- **Aim of the task**: Copy each line below containing "Sleeve".

++++++++++++++++++++

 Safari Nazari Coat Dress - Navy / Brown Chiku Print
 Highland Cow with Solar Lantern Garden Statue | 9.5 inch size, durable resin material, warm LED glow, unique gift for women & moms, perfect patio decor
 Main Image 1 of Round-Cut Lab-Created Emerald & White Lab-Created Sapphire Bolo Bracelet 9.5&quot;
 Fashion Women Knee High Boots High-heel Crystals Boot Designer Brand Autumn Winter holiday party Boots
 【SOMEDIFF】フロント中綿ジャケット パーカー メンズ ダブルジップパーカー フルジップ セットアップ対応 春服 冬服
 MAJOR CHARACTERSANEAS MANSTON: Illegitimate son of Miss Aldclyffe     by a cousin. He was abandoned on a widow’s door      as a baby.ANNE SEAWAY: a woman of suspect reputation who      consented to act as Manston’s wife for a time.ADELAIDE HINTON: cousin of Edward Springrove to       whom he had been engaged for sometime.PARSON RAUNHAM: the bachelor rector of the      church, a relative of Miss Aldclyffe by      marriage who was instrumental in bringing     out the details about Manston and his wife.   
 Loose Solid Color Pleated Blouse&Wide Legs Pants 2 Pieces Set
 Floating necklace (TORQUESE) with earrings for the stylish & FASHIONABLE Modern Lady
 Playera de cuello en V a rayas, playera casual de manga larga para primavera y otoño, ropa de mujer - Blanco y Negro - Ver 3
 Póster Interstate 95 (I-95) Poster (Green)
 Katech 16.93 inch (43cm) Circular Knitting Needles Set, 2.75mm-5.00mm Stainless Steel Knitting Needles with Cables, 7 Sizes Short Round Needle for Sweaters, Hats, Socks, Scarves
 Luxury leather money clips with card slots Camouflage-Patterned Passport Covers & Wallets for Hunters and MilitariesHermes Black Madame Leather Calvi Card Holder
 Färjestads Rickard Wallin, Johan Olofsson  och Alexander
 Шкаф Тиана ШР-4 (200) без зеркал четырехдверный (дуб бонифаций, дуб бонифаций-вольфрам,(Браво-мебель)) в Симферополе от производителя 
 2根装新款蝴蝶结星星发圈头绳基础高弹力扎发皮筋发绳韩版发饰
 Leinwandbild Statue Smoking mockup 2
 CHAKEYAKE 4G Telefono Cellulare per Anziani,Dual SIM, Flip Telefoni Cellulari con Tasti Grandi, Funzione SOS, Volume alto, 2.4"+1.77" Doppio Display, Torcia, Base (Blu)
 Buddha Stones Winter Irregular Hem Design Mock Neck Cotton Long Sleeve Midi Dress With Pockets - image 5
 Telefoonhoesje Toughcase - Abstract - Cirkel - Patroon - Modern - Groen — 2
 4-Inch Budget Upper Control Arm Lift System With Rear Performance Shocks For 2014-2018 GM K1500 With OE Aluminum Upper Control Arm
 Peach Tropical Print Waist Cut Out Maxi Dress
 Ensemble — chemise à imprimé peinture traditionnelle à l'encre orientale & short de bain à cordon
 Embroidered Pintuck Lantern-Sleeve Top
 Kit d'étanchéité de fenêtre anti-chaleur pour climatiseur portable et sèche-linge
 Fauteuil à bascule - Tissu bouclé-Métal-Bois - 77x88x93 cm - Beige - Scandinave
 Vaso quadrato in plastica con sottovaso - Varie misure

++++++++++++++++++++

- **Task output**:
 Buddha Stones Winter Irregular Hem Design Mock Neck Cotton Long Sleeve Midi Dress With Pockets - image 5
 Embroidered Pintuck Lantern-Sleeve Top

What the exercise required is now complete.